A: The constant work of my father and mother. If I think back on it, if I lived to be 1,000, I could never meet their work habits. My father was an individual businessman, a milkman, and you know that’s when the milk was to be on the doorstep of the many, many people who then were working. When I was a kid, most of them worked in the Cheney Mills that were still productive, and in the insurance industry in Hartford, and at the expanding Pratt and Whitney aircraft engine plant in East Hartford. The milk had to be on the steps at 6 a.m. or before, so that figure just gives you an idea of how hard and how early the start of milkmen. Anyway, I remember how hard they worked, and that they expressed a quiet, forthright manner that they did pass on.

If you were to write your memoirs, what would the title be?

I think I’d probably dress it up, but the sense would be I’m a lucky man.

What makes you feel you’ve been lucky?

I’ve had so many people who have been so very good to me, taught me so much – tried to, anyway – and were very generous, respectful.

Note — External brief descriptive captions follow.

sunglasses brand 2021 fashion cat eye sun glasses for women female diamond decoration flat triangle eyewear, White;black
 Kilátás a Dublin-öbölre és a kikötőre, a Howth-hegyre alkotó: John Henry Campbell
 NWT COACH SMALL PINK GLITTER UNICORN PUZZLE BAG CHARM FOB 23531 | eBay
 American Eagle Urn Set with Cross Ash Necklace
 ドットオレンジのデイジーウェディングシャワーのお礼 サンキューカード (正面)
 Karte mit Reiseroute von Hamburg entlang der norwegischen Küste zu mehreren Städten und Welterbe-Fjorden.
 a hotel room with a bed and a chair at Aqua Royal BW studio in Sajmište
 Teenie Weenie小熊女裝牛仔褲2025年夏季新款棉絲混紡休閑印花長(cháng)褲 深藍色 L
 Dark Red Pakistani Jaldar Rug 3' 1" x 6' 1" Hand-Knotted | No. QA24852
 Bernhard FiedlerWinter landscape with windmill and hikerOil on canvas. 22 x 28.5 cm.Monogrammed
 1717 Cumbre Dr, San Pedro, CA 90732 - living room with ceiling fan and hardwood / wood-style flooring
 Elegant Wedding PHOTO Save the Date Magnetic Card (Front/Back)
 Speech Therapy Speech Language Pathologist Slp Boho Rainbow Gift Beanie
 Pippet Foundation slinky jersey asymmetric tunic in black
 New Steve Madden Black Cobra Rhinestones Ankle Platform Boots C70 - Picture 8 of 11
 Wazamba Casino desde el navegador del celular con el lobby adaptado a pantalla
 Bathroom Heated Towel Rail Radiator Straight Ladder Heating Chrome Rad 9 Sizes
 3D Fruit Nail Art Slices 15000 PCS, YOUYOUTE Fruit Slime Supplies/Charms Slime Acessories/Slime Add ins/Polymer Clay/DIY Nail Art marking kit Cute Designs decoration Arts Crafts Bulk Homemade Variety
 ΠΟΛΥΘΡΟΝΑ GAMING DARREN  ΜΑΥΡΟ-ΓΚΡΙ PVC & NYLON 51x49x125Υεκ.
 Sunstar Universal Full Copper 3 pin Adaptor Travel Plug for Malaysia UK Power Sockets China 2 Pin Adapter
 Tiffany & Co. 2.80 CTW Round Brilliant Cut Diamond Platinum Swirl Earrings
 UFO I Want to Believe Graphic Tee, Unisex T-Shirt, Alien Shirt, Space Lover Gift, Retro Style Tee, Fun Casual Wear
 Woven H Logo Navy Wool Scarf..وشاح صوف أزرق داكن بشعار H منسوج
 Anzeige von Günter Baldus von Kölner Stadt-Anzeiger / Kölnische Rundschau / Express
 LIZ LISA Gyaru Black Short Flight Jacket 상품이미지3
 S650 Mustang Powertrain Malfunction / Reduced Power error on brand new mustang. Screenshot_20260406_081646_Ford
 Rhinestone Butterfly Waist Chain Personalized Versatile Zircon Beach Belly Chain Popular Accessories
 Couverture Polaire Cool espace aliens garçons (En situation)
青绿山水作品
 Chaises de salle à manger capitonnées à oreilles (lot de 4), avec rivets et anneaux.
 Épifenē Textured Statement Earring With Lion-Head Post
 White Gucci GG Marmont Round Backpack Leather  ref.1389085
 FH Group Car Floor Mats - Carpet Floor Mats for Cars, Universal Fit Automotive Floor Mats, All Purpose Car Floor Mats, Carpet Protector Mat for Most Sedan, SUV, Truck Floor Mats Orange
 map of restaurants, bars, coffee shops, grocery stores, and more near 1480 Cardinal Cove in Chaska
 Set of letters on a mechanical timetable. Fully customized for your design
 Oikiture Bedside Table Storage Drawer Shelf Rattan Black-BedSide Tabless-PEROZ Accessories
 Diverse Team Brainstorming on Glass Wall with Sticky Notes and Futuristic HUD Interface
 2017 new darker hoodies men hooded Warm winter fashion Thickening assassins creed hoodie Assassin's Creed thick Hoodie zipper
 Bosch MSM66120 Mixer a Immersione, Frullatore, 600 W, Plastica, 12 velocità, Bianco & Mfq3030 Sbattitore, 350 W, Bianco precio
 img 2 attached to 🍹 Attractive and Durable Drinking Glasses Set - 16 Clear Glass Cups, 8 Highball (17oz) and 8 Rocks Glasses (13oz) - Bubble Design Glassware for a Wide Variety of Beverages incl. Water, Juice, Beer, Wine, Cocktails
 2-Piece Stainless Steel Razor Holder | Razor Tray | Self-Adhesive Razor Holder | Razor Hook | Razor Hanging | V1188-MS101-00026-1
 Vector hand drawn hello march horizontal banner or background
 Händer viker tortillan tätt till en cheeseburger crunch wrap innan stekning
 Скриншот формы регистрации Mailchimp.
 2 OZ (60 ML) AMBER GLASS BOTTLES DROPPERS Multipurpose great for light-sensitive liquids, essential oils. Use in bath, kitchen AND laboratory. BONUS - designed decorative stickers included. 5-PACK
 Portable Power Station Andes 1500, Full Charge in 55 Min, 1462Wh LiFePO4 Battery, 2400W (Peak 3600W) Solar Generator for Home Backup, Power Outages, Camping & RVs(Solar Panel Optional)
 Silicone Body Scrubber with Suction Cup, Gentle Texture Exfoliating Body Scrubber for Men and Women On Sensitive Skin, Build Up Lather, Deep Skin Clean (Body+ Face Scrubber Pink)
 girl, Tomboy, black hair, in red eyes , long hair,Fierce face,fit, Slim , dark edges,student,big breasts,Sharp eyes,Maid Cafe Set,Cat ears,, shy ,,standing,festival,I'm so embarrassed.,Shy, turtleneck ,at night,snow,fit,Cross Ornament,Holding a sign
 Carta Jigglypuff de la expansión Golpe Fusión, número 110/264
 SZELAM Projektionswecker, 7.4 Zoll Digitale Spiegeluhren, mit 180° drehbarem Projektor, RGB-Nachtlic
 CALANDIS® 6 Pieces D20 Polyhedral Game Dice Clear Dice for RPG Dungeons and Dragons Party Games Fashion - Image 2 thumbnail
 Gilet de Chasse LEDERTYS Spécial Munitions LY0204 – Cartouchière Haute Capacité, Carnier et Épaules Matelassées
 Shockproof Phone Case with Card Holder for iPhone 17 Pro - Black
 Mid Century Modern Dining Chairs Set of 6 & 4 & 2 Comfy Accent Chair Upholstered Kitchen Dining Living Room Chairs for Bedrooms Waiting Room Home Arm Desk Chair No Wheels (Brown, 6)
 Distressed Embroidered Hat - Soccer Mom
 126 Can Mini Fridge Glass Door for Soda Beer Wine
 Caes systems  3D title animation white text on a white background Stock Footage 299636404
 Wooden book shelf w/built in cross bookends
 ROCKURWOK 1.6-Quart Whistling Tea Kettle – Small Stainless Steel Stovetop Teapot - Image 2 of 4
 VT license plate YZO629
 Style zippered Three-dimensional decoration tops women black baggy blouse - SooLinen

And even though we were often on opposite sides, we at some point put those differences aside and ended up working together when we’ve both had interests in the same objective. I’ve been lucky that way. In general, people have been very, very good to me. I feel a little like the Lou Gehrig speech. He made a speech when he retired with [ALS] at Yankee Stadium. It was one of the most beautiful, off the cuff, speeches, and he began, “I’m the luckiest man on the face of the earth,” and went on to describe, very briefly, why. I remember the first words, and I guess that’s why I said what I did about feeling lucky.

What was your proudest accomplishment as Democratic chairman?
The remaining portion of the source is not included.